═══ Records
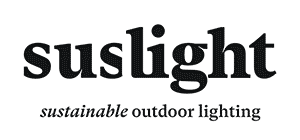 Suslight 24V - oświetlenie niskonapięciowe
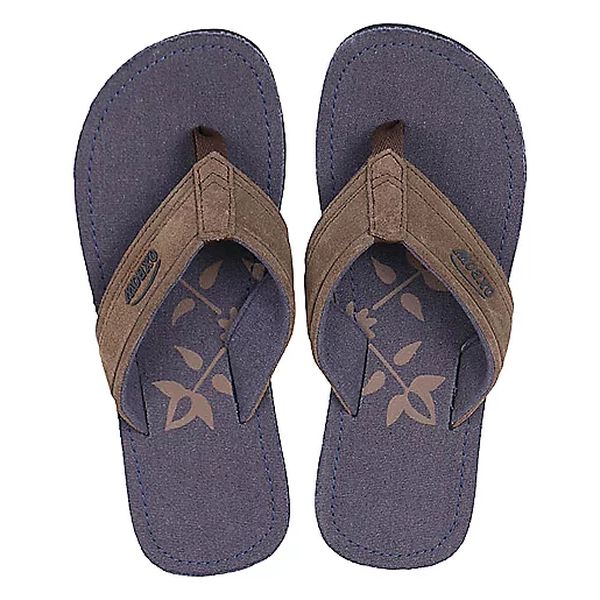 R1VALLY-TO Tongs homme OXBOW - Image 2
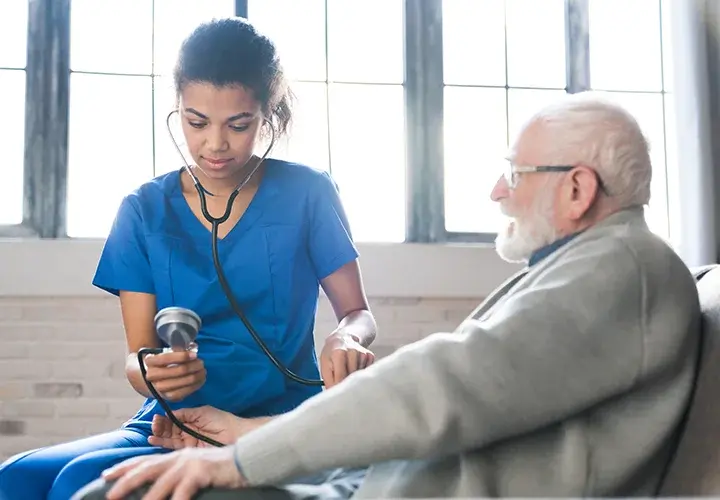 Homewatch Caregivers South Broward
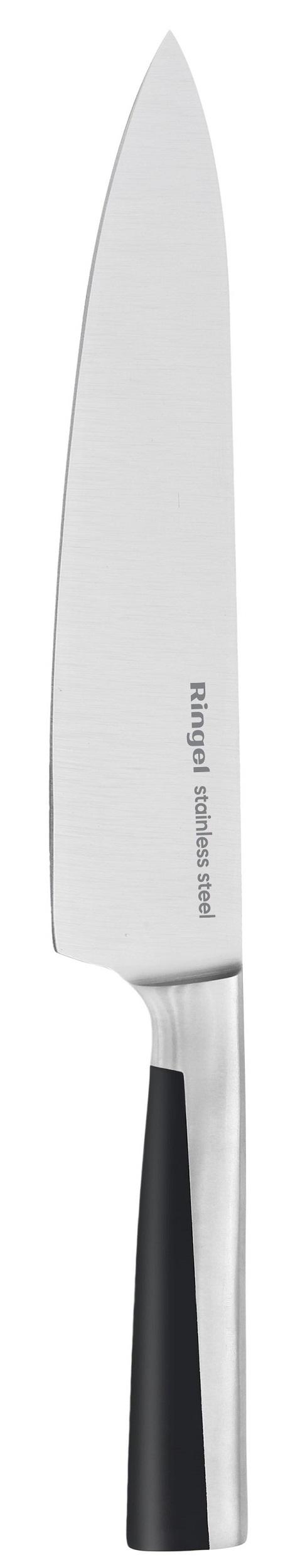 Ніж RINGEL Expert кухарський 20 см (RG-11012-4)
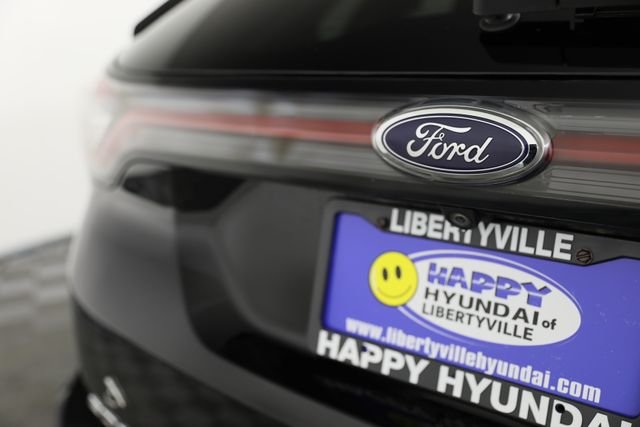 2016 Ford Edge Sport - Photo 15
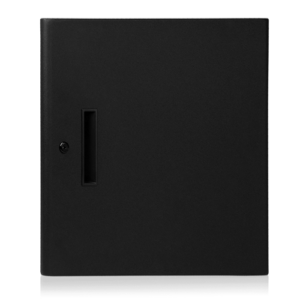 Atlas-SFD10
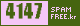 Ʒ ΰħ Ŭ ּ.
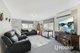 Photo - 1 Fosters Court, Cranbourne North VIC 3977 - Image 3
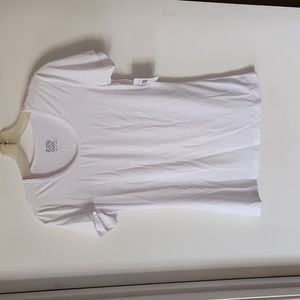 32 Degrees Cool Top NWT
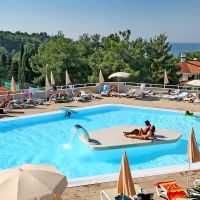 laguna albatros hotel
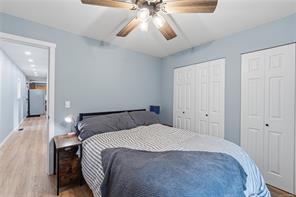 3840 Melrose Rd — listing photo 30 of 38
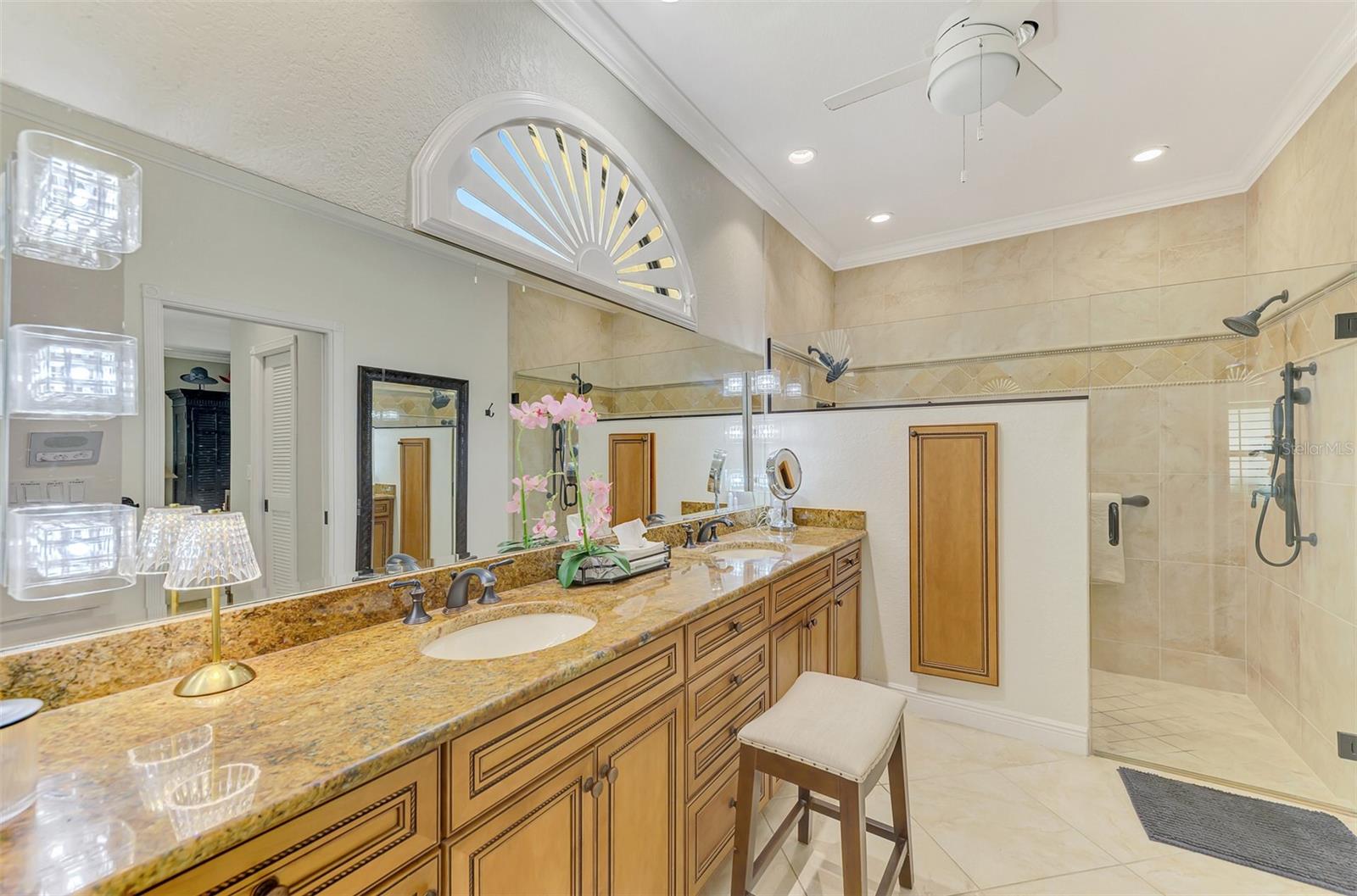 VENICE GULF VIEW SEC OF - Residential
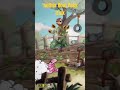 Root Pack Trick #dornobzbac #cuphead #rootpack #secretglitch #eastereggs #secret #glitch #smokebomb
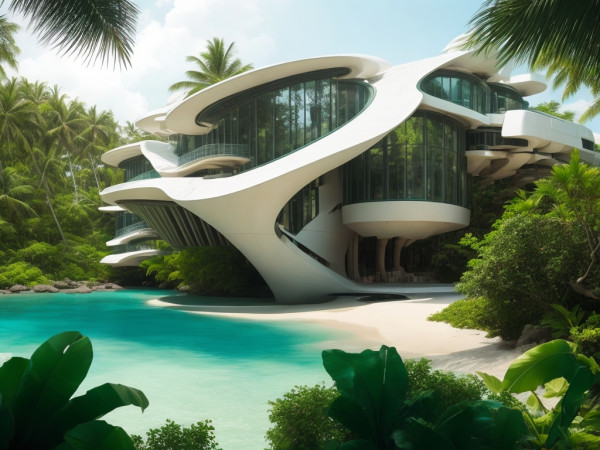 Embark_on_a_visuala_stunning_house_p_0(2).jpg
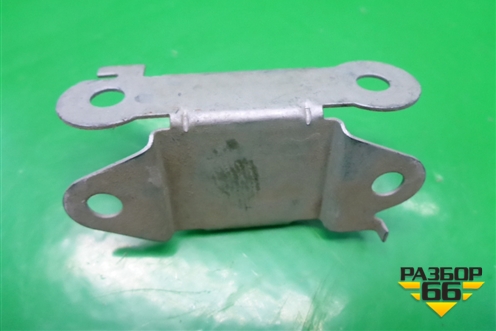 Датчик ускорения (8W833C190AB) для Land Rover Range Rover Sport с 2005-2012г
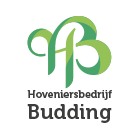 Hoveniersbedrijf A. Budding.jpg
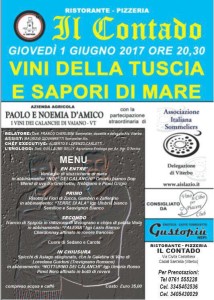 Il Contado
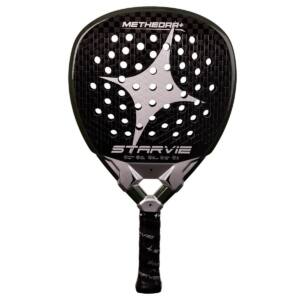 Pala StarVie Metheora 2027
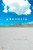 Absentia by William Stobb, 9780143120186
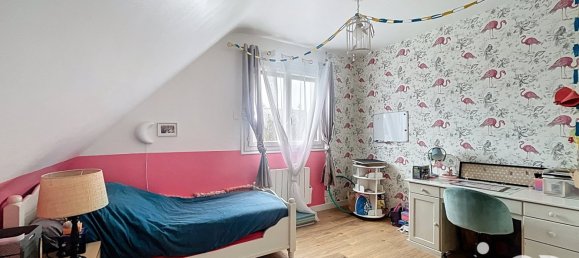 5 Schlafzimmer Haus in Saint-Avertin, France, Nr. 156320 14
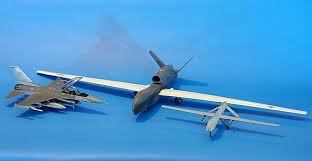 Image result for Global Hawk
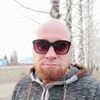 Виталий Шалимов, 42, г.Абрамцево Виталий Шалимов, 42, г.Абрамцево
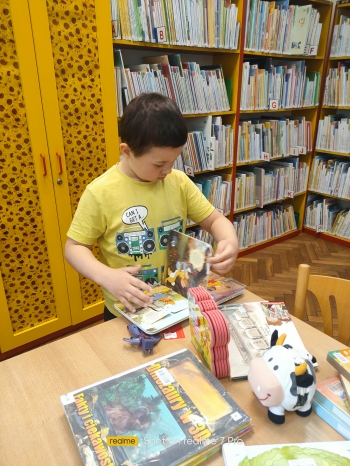 IMG20250522103414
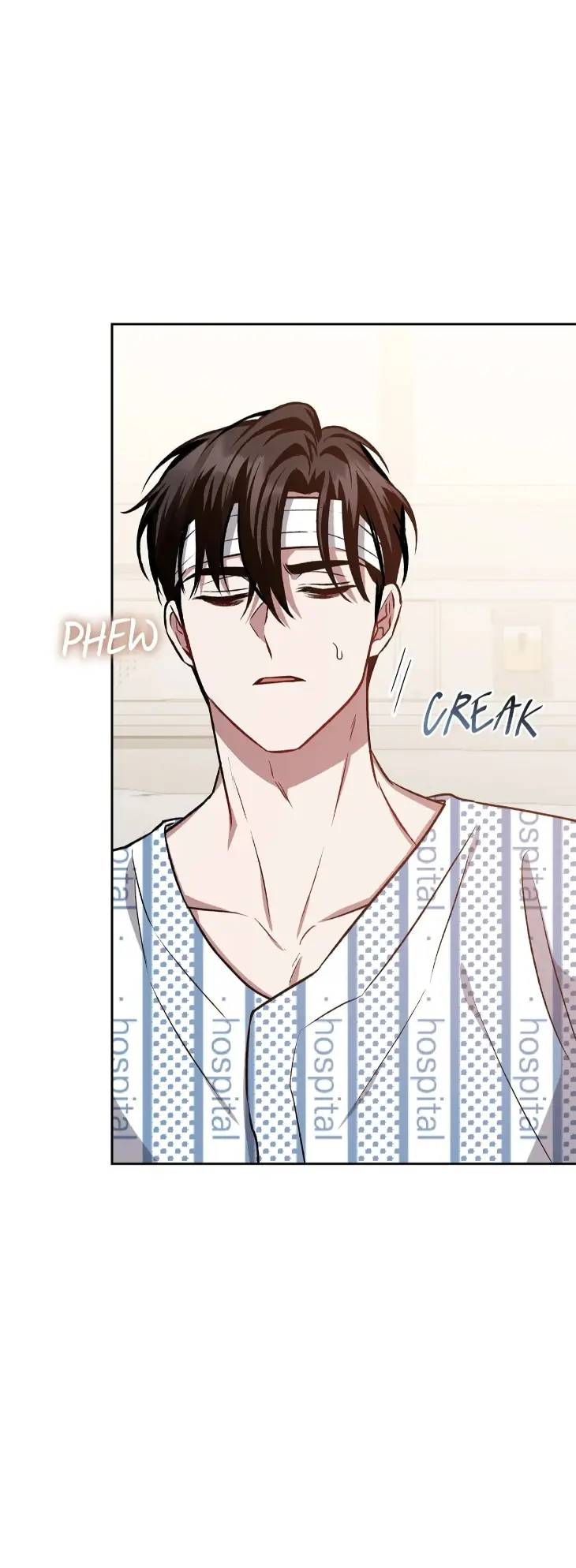 Amber-Alert-By-Gongtae-Eng page 39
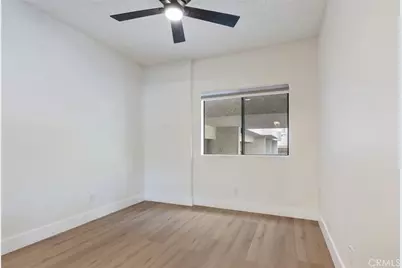 104 Maegan #6, Thousand Oaks, CA 91362 - Photo 22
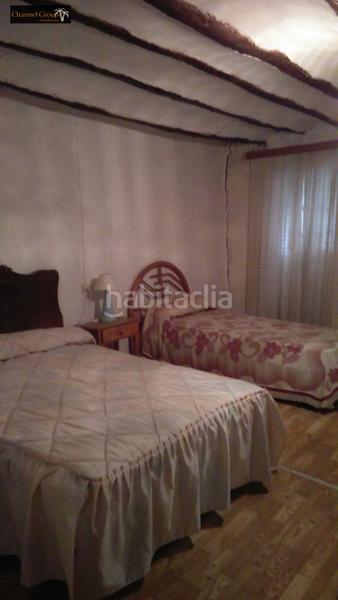 Foto 937610f9-71fa-40fa-b3da-1f9094c42591. Casa in Pozo Alcón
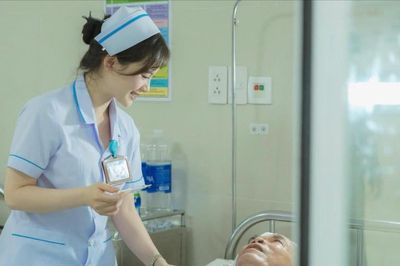 Thêm nhiều quyền lợi của thẻ BHYT từ ngày 1/7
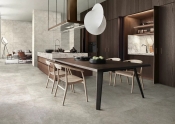 Керамогранит Ragno Richmond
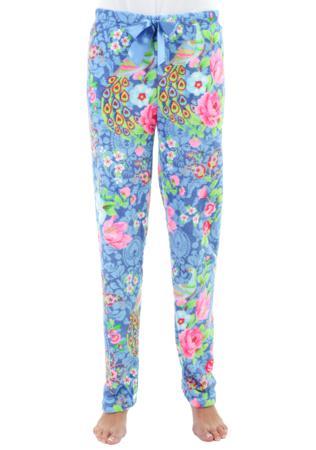 Джемпер INTIWEAR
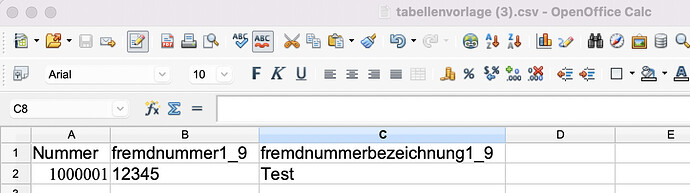 ?name=Bildschirmfoto+2022-03-09+um+09.35.08.png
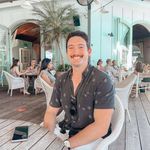 Profile Picture of Christopher Moriarty (@c_mori93) on Instagram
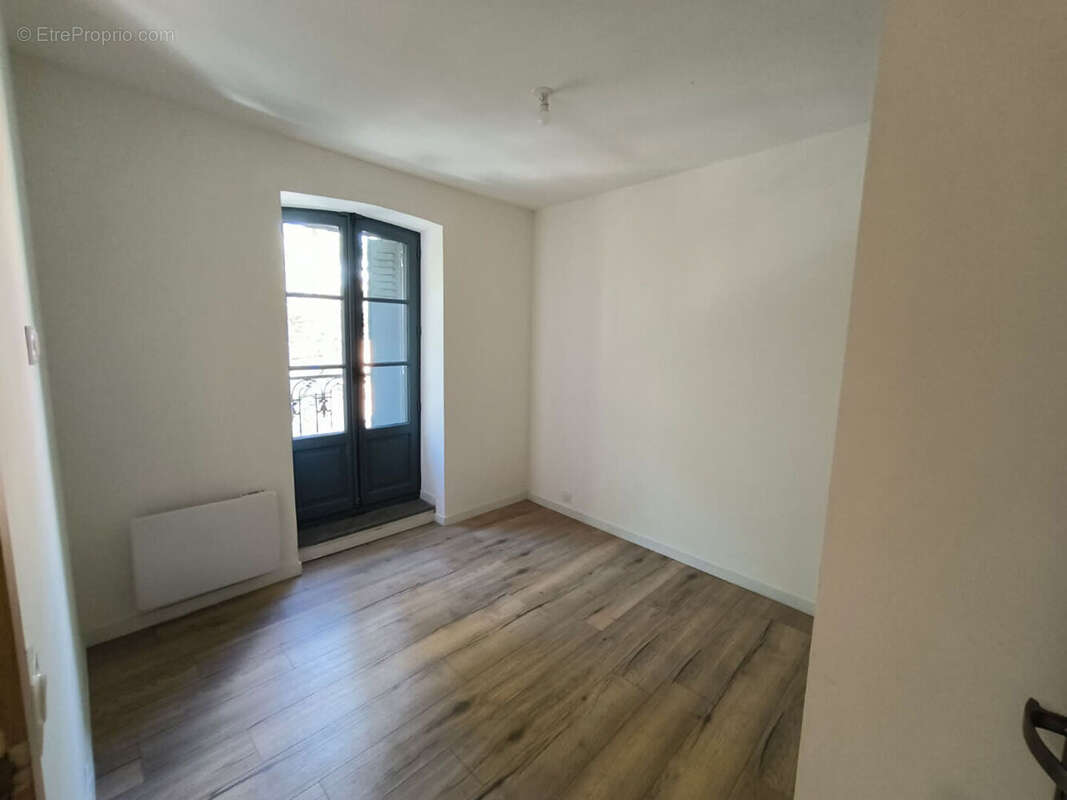 Appartement à NARBONNE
══════
Work required:
Your reply should consist solely of the lines from the line containing "Profile Picture of" through the last line of the listing, unchanged and free of pictures.

Answer below:
 Profile Picture of Christopher Moriarty (@c_mori93) on Instagram
 Appartement à NARBONNE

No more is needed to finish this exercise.